Approximately 12,500 ID-cards are used in Estonia that do not meet the security requirements. Their certificates will be declared invalid from 1 June.

ID-cards with invalid certificates can no longer be used electronically. To enter e-services or give digital signatures, the cardholder must either apply for a new card or use mobile-ID. The state will replace under warranty all ID-cards that do not meet the security requirements and are valid for longer than three months after submitting the application for a new document.

‘We will send a notification to all holders of ID-cards which do not meet the security requirements via the portal and provide information about the replacement of ID-cards personally,’ said Kaija Kirch, document expert at the Estonian Police and Border Guard Board.

The Police and Border Guard Board has filed a claim for violating the security requirements to the manufacturer of the ID-cards, who denies the violation. ‘The Police and Border Guard Board needs to be confident that the private keys of ID-card holders cannot be anywhere else but in the card chip. If the contractual partner has violated this security requirement, we must declare the certificates of the card invalid,’ said Kirch.

ID-cards and residence cards do not meet the security requirements if they were issued before October 2014 and renewed through the application of the card manufacturer at the service points of the Police and Border Guard Board.

Check whether your card meets the security requirements at the website

The manufacturer of the ID-cards did not comply with all security requirements and generated the private keys of some ID-cards outside the chip. Generating keys outside the chips allows the generator of the key to use the ID-card without having the physical card and knowing the PIN. In order to hedge this risk, the Police and Border Guard Board will declare certificates of these cards invalid.

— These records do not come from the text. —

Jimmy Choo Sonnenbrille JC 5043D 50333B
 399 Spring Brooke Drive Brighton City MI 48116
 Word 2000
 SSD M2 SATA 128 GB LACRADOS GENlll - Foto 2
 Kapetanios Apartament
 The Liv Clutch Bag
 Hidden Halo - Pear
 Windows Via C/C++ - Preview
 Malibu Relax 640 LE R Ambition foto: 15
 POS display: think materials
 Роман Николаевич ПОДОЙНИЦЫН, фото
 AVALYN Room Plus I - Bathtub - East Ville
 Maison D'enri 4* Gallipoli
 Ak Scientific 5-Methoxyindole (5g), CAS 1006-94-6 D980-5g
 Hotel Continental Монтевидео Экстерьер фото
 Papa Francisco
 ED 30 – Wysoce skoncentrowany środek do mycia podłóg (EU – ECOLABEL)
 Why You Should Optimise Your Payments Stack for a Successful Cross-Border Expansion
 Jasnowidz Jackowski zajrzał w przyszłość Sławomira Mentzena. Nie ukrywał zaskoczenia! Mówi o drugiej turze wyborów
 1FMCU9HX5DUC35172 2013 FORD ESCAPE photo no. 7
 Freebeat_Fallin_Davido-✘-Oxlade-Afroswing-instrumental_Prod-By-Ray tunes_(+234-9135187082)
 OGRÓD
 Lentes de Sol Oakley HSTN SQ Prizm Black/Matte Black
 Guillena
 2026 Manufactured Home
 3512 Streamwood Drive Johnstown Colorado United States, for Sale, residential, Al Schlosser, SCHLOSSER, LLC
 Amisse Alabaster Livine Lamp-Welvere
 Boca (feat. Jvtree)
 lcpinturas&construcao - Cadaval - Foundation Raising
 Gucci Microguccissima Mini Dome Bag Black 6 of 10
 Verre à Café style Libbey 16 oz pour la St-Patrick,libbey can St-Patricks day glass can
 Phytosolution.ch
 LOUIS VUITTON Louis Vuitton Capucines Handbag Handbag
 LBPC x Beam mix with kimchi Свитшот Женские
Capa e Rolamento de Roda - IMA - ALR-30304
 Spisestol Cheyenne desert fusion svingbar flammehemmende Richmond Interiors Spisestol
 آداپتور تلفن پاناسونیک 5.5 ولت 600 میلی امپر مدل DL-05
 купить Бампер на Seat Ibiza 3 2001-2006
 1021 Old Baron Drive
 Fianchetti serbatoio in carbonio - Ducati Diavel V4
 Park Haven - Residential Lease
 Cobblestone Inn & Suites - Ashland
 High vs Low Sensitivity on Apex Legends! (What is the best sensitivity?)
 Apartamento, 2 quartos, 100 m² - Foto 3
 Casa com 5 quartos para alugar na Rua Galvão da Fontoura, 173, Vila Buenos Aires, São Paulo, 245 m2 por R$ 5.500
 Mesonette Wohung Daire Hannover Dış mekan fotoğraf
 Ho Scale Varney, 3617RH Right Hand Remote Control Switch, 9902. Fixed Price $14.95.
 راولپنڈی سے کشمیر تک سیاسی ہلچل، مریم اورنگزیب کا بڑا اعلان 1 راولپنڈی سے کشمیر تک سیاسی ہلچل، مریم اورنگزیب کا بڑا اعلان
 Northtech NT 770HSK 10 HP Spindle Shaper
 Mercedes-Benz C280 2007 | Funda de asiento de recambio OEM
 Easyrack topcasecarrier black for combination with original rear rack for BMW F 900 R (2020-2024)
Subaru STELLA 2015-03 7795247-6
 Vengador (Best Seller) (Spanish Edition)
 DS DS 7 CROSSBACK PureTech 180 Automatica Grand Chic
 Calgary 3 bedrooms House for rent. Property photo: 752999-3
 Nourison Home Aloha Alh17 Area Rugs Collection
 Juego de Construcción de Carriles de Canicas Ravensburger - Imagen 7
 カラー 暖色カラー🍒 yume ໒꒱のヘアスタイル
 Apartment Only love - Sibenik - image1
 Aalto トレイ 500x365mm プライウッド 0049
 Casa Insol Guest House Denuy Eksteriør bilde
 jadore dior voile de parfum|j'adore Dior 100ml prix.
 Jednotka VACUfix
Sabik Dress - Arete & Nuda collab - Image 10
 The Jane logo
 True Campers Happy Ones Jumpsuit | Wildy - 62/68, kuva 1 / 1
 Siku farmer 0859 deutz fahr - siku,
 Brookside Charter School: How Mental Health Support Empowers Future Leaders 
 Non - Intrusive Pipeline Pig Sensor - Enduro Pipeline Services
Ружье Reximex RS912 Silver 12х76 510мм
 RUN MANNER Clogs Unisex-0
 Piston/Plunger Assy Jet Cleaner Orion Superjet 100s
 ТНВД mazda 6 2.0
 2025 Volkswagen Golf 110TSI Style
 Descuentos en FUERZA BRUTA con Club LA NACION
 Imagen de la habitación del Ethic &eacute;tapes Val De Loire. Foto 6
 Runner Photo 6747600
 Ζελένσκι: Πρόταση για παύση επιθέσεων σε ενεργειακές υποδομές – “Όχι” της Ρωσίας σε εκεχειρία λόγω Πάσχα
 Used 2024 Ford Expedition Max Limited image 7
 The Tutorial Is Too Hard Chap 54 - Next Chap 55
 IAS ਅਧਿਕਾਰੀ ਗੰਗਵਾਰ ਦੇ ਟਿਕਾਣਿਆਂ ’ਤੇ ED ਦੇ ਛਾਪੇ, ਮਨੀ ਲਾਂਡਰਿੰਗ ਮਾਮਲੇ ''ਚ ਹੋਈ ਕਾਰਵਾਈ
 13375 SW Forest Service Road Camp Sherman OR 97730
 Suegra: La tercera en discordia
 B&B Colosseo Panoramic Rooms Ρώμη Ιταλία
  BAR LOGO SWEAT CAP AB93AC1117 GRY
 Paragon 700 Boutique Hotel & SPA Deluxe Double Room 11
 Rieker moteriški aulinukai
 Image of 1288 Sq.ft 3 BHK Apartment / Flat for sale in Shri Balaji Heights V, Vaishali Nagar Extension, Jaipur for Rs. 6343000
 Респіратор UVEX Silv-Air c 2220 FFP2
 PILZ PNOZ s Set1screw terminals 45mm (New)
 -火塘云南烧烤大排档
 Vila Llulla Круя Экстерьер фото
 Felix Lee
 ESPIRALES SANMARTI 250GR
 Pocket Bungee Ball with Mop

‘We are not aware of any cases of misuse. All transactions made and signatures given with the cards are legal and valid, including e-elections,’ said Margus Arm, Head of the eID field at the Information System Authority.

The violation of the security requirements was discovered during cooperation with a researcher at the University of Tartu and in the analysis by experts of AS Cybernetica, completed last week. ‘This breach clearly shows the importance of cooperation with researchers and experts in the field, with the help of whom we can make the digital world safer,’ said Arm.

The affected cards are:

ID-cards issued from 2011 to 16 October 2014 and residence cards issued from 2011 to 17 December 2014, which have been renewed at the service points of the Police and Border Guard Board from July 2012 to July 2017.

These cards totalled at over 74,000; today, about 12,500 such cards are valid.

The following cards are not affected:

  • cards that were affected with the security risk discovered in 2017;
  • cards that have been renewed from a home computer;
  • cards that have not been renewed at all;
  • cards that were issued after October 2014 (in the case of residence cards, later than 17 December 2014).